▶ [Record extracts]:
§

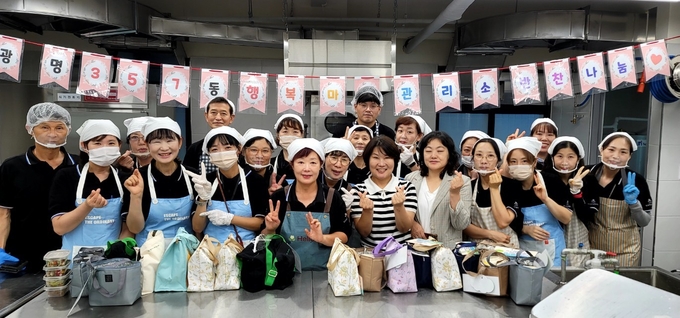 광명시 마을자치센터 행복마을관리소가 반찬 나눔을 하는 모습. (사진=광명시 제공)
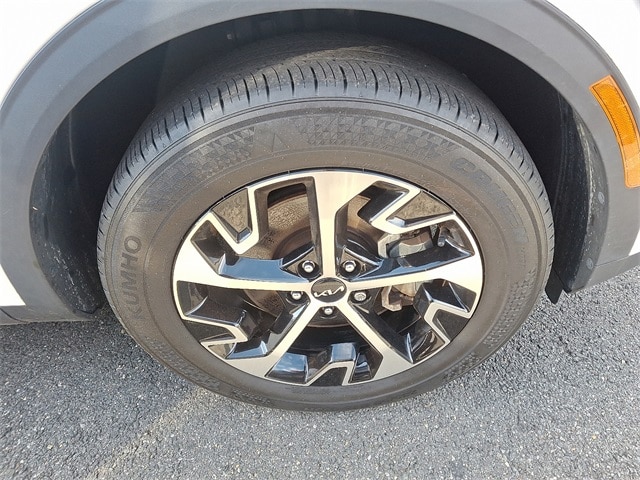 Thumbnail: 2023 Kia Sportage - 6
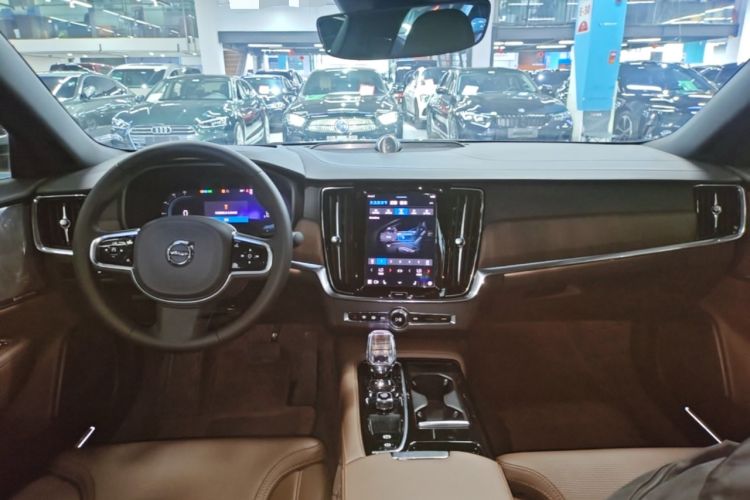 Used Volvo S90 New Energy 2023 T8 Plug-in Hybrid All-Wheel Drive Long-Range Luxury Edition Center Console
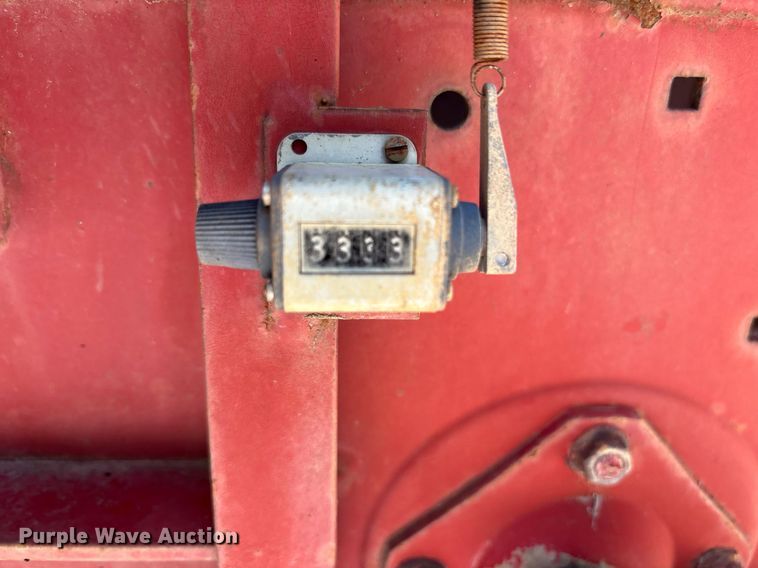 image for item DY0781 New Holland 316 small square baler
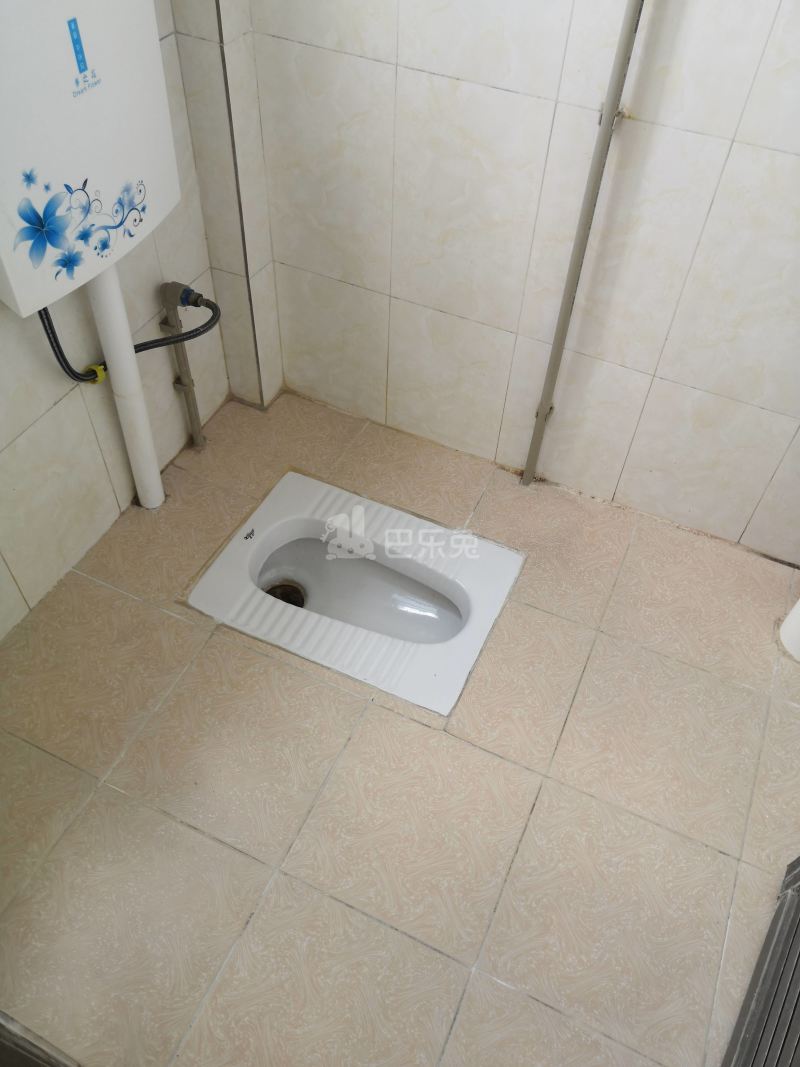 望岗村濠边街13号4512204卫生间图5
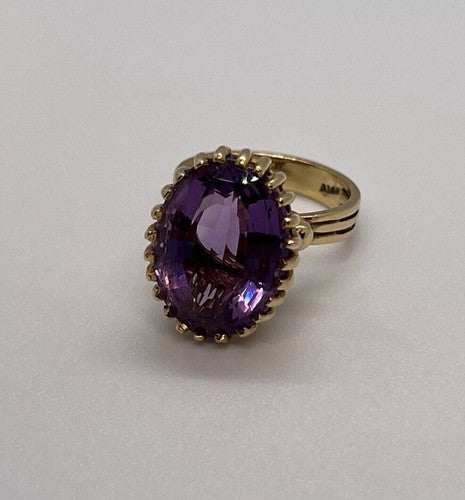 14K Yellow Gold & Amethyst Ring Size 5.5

§

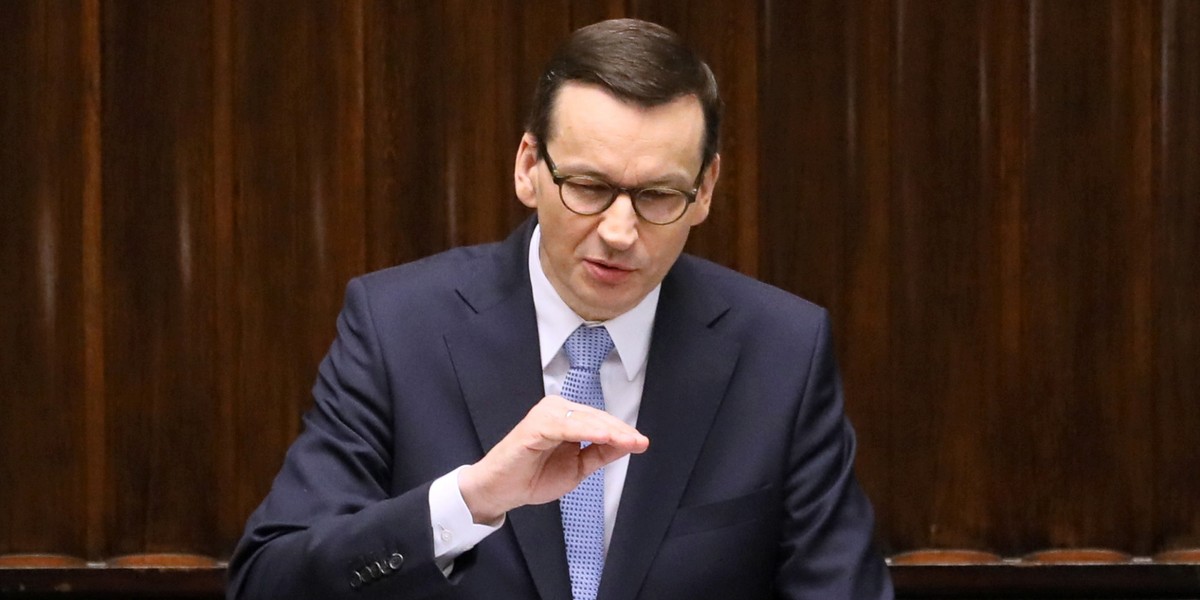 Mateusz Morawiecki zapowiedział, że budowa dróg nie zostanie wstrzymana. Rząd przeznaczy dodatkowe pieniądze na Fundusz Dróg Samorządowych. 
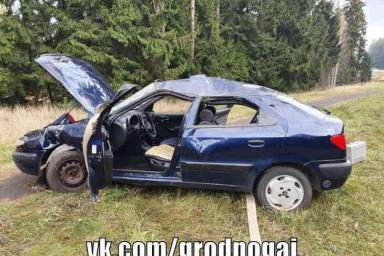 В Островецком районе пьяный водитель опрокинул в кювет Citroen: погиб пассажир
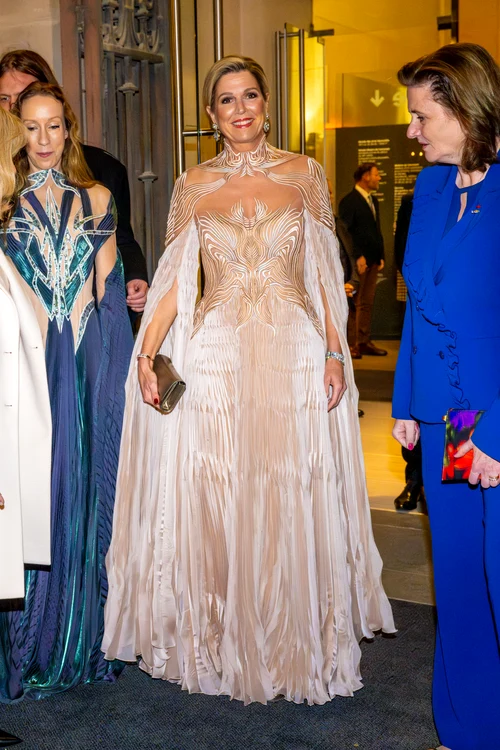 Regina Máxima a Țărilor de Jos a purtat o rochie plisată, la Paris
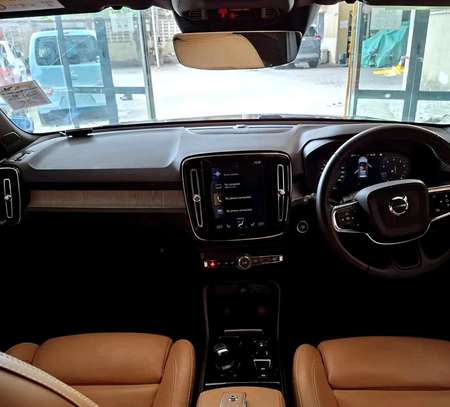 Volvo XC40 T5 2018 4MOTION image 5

§

▶ [What to produce]: Transcribe only the lines above that start at the line containing "Thumbnail: 2023 Kia Sportage - 6" and end at the line containing "14K Yellow Gold & Amethyst Ring Size 5.5". Omit pictures.

▶ [Completed exercise]:
 Thumbnail: 2023 Kia Sportage - 6
 Used Volvo S90 New Energy 2023 T8 Plug-in Hybrid All-Wheel Drive Long-Range Luxury Edition Center Console
 image for item DY0781 New Holland 316 small square baler
 望岗村濠边街13号4512204卫生间图5
 14K Yellow Gold & Amethyst Ring Size 5.5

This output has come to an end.